Reviewed by Gail M. Burns, July 2005

I had been looking forward to seeing this production of The Importance of Being Earnest for months, and so I was puzzled that I left the theatre feeling empty and unfulfilled. Certainly Barrington Stage has mounted a beautiful and professional production cast with attractive and talented actors. Oscar Wilde’s 1895 script has lost none of its dazzle. And yet this show did not excite me in the way witnessing a great work of literature and theatre usually does.

The last production of Earnest that I saw was about two years ago, and I remember being just thrilled with it. What were the differences?

The major difference was the setting. The 2003 production I attended at Hubbard Hall was set in the round. I felt close to and a part of the sublime silliness. In the Consolati Performing Arts Center the traditional proscenium stage was a far away box in which the actors and action were hermetically sealed. I felt shut out.

Forced to watch Wilde’s impossibly clever characters from such a distance they seemed small and foolish. Comparing Earnest with the earlier and more dramatic Lady Windermere’s Fan which I saw a few weeks back at the Williamstown Theatre Festival, Earnest felt like eating cotton candy. It looks so pretty and tastes so sweet, but it melts away in an instant. I cared whether or not Lady Windermere got her fan back, but I found that I didn’t much care about silly women who couldn’t possibly marry a man if his Christian name wasn’t Ernest.*

Director Julianne Boyd has assembled a really top-notch cast, each one perfect for his or her role. Mark H. Dold as Algernon Moncrieff and Christopher Innvar as Jack Worthing made a convincing pair of veddy, veddy British buddies equipped with more time than money and more schemes than brains. Jordan Simmons played Gwendolen Fairfax, beloved of Jack, with more girlishness than I am accustomed to. I always think of Cecily as the silly one and Gwendolen as the one with the cool and sophisticated air.

I did love Meredith Zinner as Cecily. She is on the stage for a minute or two before she speaks, and her speaking voice is a wonderful contrast to her appearance. The latter is all smokey and sultry, while the former is all girlish glee. It is as if she is channeling Kathleen Turner, and it is both funny and effective. This Cecily is not as naïve as she appears, and it is no surprise that she gets exactly what she wants in the end.

I found the famous dialogue in Act II between Cecily and Gwendolen was slightly disappointing.

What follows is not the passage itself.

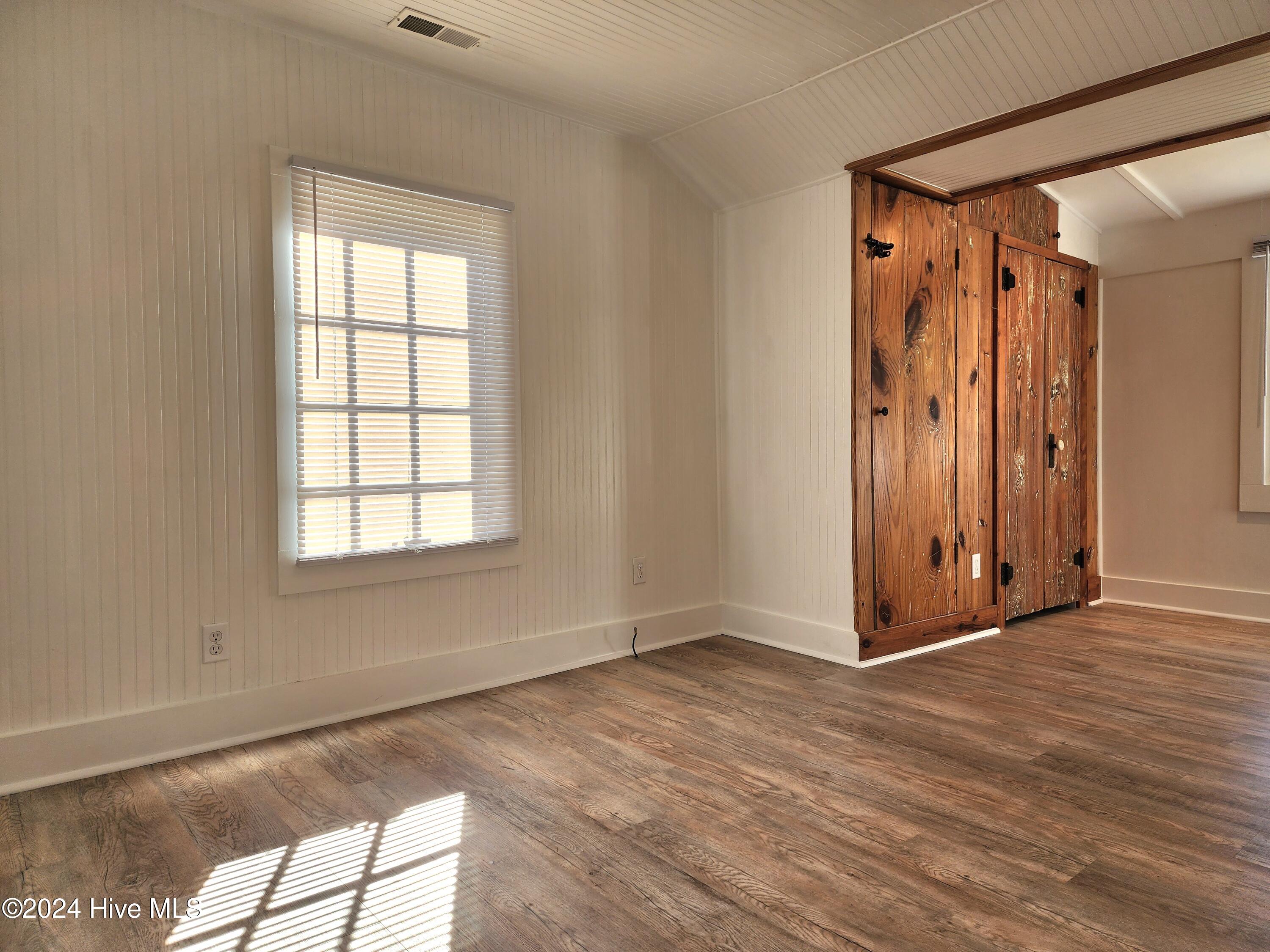 100570380 | Photo 27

Wilde’s words were wonderful as always, but somehow the timing was off and the tension didn’t build between the two women until too late in the game.

I am very tired of monumental Lady Bracknells, and so I was pleased to find that Carole Shelley played her as a thinking and quite reasonable woman of moderate proportions. I mean, why would you want your niece to marry a man who was found in a handbag at a railway station? That is a very poor pedigree indeed.

Tandy Cronyn would ordinarily be way too talented to waste on the tiny part of Miss Prism, but I imagine she took it on as a lark – a role she had always wanted to play that afforded her a couple of weeks vacation in the beautiful Berkshires. She lights up the stage and gives a very enjoyable performance. She looks like she is having fun.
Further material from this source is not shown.